Hopefully this is the right place to put this, if not I can remove it. It's been about a year and a half since graduating college with a focus on game art and design. I have yet to get a job interview, and I'm wondering if you guys could critique my portfolio. Is there anything that's particularly deal-breaking in there or anything that I should focus on? For context I've been applying for environment and prop artist positions.
Potfolio:
https://www.artstation.com/mschloederThanks in advance!
Replies
Is there a particular project of yours you'd like more attention paid to? I noticed a few things that need love across the lot of them but I don't want to tear you down unless you're really looking for a full critique of your work.
Something I've come to learn is that art is subjective right up until you get to the technical aspects.
Kuwagata Shrine. The rocks look like blobs of grey clay dropped on top of each other. It makes me think you weren't looking at reference for shape or color. For the stone walls of the buildings, either you have baked in shadows in your albedo and you've put the texture in upside down or your normals are inverted. Either way, it makes no sense for shadows to be on the TOP when the lighting is coming from above (with no visible overhang to create the shadow). Overall, color in the scene is very samey across all the surfaces. Grey / Brown / Purplish. So I'd look into adjusting your lighting.
Crystal Keepers Airship. It's hard to tell what you're going for here with the modeling. So there's smooth high poly areas with nice bevels next to unbeveled cubes. There needs to be a consistency there. The cloth for the sails needs thickness and add some waviness to the plane itself rather than relying solely on a texture. Again, find reference for this stuff and stick to it. Also theres a lot of texture stretching on the wood which is kind of unacceptable considering youre using a tiling texture for that area.
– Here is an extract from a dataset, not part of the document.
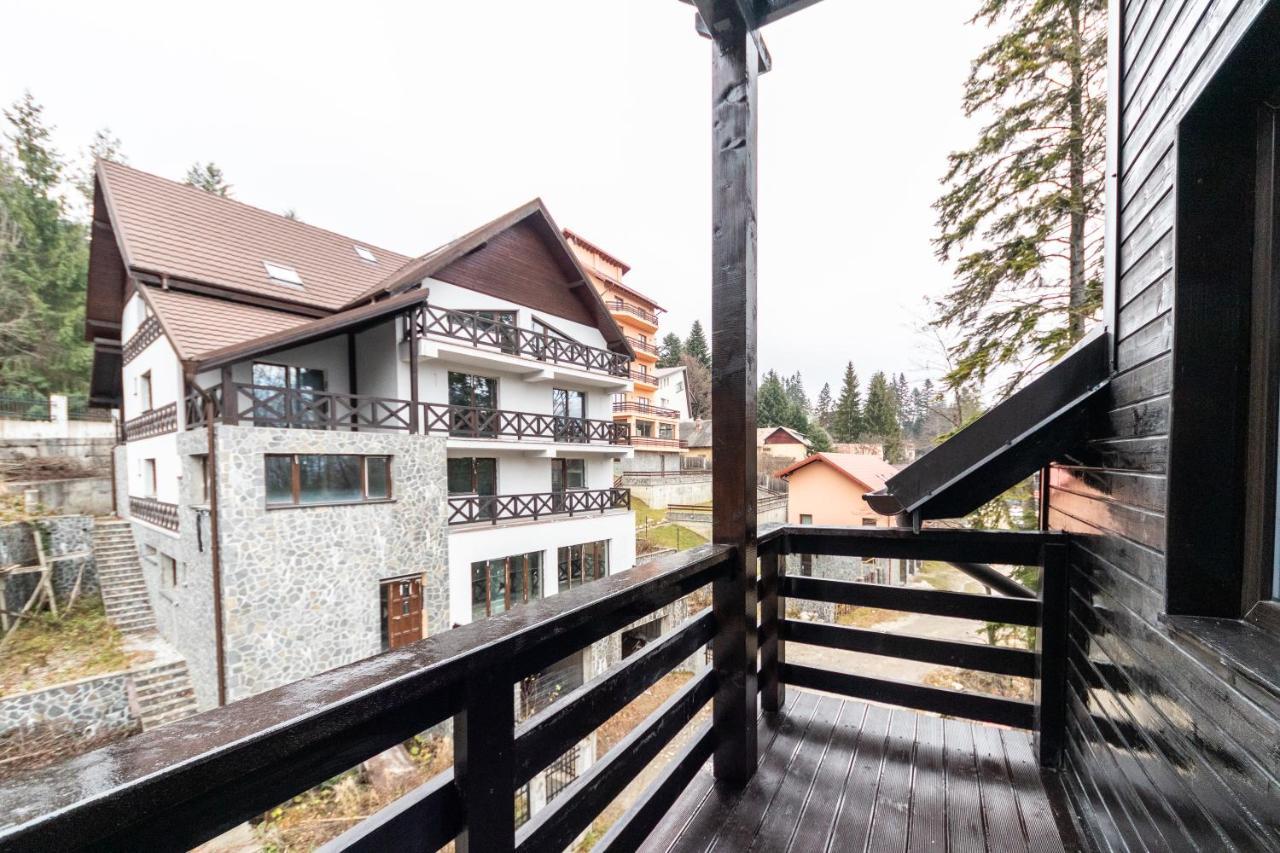 Pension Master Sinaia Exteriör bild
I'd drop the sword and sci fi corridor. They need quite a bit of reworking in modeling and texturing and it's probably better just to move on. The SD materials can also go because they are very basic ones you could watch a single YouTube tutorial and make. I'd also recommend leaving out WIP pieces and keeping those in a blogpost. Not only is it nearly impossible to gauge a person's quality level from a WIP... it also doesn't look very good if you have one up from nearly a year ago. It just says you don't finish what you start to a future employer. Don't feel precious about what's in your portfolio. Quality over quantity is the advice youll see and hear EVERYWHERE. My personal approach is to keep it to a solid handful of things and as soon as I finish something new that is better than the last project in the row, I dump it. Unless whatever skill was highlighted in that project isn't shown elsewhere.
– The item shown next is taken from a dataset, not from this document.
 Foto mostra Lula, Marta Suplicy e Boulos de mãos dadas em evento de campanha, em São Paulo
School is great for streamlining education but it's also a business that needs people to believe they will be hireable upon exit. Keep on grinding and start posting projects on here for critiques. It will cut out a lot of bullshit for you down the line.
I guess another way of looking at it is should I just push on and stop thinking about ways to 'fix' my old projects?
Take a loot at the work Dekogon Studios pump out as a quality bar to reach for a prop as far as pushing baking and texturing. As far as environments go, this is something I came across recently and it's just about the best "How-To" I've seen - https://software.intel.com/en-us/articles/modular-concepts-for-game-and-virtual-reality-assets
Good luck man and props to you for opening yourself up to feedback. It's a critical skill.